(Stored entries)
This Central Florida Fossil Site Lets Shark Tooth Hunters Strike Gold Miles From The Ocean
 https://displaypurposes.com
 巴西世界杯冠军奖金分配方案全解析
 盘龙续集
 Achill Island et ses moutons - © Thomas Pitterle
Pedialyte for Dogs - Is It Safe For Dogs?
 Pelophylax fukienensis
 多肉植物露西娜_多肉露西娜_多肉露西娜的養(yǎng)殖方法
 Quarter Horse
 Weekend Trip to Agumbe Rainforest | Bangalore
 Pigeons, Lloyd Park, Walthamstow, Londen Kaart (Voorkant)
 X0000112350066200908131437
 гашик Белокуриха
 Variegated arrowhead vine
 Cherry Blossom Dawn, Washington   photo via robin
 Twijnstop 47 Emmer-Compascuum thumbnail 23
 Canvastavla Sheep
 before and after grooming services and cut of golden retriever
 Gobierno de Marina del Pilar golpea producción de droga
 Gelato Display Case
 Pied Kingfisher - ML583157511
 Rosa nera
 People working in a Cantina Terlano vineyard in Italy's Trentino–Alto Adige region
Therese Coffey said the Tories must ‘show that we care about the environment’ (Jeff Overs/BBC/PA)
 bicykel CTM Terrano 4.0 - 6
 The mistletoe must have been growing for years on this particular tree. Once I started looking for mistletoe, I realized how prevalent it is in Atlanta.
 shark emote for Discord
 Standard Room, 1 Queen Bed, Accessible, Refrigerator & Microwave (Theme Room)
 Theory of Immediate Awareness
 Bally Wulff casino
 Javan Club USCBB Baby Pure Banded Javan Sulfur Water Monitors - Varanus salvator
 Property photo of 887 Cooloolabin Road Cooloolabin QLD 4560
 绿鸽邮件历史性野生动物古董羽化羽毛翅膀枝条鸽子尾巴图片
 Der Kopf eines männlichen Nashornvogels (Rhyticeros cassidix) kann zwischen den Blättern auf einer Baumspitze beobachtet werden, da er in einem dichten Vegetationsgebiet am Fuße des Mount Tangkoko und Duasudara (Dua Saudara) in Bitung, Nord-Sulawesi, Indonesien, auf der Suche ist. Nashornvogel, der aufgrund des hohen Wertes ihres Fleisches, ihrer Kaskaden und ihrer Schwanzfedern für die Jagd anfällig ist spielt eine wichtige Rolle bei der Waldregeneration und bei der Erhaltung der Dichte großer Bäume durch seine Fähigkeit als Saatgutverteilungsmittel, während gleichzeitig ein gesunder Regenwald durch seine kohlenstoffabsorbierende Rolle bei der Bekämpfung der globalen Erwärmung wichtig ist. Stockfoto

> _EXERCISE DIRECTIONS_: The records above are to be output in full and without error.

> _EXERCISE RESULT_:
This Central Florida Fossil Site Lets Shark Tooth Hunters Strike Gold Miles From The Ocean
 https://displaypurposes.com
 巴西世界杯冠军奖金分配方案全解析
 盘龙续集
 Achill Island et ses moutons - © Thomas Pitterle
Pedialyte for Dogs - Is It Safe For Dogs?
 Pelophylax fukienensis
 多肉植物露西娜_多肉露西娜_多肉露西娜的養(yǎng)殖方法
 Quarter Horse
 Weekend Trip to Agumbe Rainforest | Bangalore
 Pigeons, Lloyd Park, Walthamstow, Londen Kaart (Voorkant)
 X0000112350066200908131437
 гашик Белокуриха
 Variegated arrowhead vine
 Cherry Blossom Dawn, Washington   photo via robin
 Twijnstop 47 Emmer-Compascuum thumbnail 23
 Canvastavla Sheep
 before and after grooming services and cut of golden retriever
 Gobierno de Marina del Pilar golpea producción de droga
 Gelato Display Case
 Pied Kingfisher - ML583157511
 Rosa nera
 People working in a Cantina Terlano vineyard in Italy's Trentino–Alto Adige region
Therese Coffey said the Tories must ‘show that we care about the environment’ (Jeff Overs/BBC/PA)
 bicykel CTM Terrano 4.0 - 6
 The mistletoe must have been growing for years on this particular tree. Once I started looking for mistletoe, I realized how prevalent it is in Atlanta.
 shark emote for Discord
 Standard Room, 1 Queen Bed, Accessible, Refrigerator & Microwave (Theme Room)
 Theory of Immediate Awareness
 Bally Wulff casino
 Javan Club USCBB Baby Pure Banded Javan Sulfur Water Monitors - Varanus salvator
 Property photo of 887 Cooloolabin Road Cooloolabin QLD 4560
 绿鸽邮件历史性野生动物古董羽化羽毛翅膀枝条鸽子尾巴图片
 Der Kopf eines männlichen Nashornvogels (Rhyticeros cassidix) kann zwischen den Blättern auf einer Baumspitze beobachtet werden, da er in einem dichten Vegetationsgebiet am Fuße des Mount Tangkoko und Duasudara (Dua Saudara) in Bitung, Nord-Sulawesi, Indonesien, auf der Suche ist. Nashornvogel, der aufgrund des hohen Wertes ihres Fleisches, ihrer Kaskaden und ihrer Schwanzfedern für die Jagd anfällig ist spielt eine wichtige Rolle bei der Waldregeneration und bei der Erhaltung der Dichte großer Bäume durch seine Fähigkeit als Saatgutverteilungsmittel, während gleichzeitig ein gesunder Regenwald durch seine kohlenstoffabsorbierende Rolle bei der Bekämpfung der globalen Erwärmung wichtig ist. Stockfoto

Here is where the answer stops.